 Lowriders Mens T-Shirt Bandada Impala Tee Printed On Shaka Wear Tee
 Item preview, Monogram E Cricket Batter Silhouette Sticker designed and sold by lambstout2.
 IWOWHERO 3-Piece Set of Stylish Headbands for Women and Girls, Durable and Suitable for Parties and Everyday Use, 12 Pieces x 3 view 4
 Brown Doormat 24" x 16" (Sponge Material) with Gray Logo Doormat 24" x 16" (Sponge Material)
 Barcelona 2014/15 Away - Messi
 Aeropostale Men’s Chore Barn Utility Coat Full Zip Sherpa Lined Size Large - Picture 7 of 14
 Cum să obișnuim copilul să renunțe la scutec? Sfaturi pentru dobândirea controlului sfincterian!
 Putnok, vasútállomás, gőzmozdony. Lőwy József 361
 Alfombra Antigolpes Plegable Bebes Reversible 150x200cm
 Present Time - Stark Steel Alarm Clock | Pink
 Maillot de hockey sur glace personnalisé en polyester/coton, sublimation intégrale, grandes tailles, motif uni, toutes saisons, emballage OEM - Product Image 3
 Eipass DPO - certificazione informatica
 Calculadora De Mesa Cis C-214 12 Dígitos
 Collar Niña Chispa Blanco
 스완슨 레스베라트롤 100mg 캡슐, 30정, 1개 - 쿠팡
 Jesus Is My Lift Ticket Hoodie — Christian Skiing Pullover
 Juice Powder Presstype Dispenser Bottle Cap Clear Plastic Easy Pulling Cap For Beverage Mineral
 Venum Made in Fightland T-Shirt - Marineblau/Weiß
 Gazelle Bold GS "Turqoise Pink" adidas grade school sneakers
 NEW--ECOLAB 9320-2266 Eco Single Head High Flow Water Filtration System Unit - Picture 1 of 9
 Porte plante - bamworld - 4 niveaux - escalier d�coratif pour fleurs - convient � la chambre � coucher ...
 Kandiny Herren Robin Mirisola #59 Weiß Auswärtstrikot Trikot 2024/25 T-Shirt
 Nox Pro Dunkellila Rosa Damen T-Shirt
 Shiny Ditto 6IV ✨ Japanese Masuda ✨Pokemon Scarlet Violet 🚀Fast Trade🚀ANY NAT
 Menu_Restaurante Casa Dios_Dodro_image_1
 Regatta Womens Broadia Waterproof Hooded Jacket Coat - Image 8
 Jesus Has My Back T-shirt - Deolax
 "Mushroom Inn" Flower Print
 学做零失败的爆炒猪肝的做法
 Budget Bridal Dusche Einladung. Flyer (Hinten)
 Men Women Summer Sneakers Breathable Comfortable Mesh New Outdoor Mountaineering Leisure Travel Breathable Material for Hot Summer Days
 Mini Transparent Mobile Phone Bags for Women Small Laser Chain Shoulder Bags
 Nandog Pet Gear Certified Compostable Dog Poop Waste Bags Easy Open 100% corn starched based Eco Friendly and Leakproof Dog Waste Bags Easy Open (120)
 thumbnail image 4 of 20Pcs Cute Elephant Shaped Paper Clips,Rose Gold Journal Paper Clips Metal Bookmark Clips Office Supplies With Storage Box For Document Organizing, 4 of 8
* * * * * * *
* What you are asked to do:
The answer should hold only the lines from the start of the records above through the line containing "Cum să obișnuim", each set down exactly.

* Task result:
 Lowriders Mens T-Shirt Bandada Impala Tee Printed On Shaka Wear Tee
 Item preview, Monogram E Cricket Batter Silhouette Sticker designed and sold by lambstout2.
 IWOWHERO 3-Piece Set of Stylish Headbands for Women and Girls, Durable and Suitable for Parties and Everyday Use, 12 Pieces x 3 view 4
 Brown Doormat 24" x 16" (Sponge Material) with Gray Logo Doormat 24" x 16" (Sponge Material)
 Barcelona 2014/15 Away - Messi
 Aeropostale Men’s Chore Barn Utility Coat Full Zip Sherpa Lined Size Large - Picture 7 of 14
 Cum să obișnuim copilul să renunțe la scutec? Sfaturi pentru dobândirea controlului sfincterian!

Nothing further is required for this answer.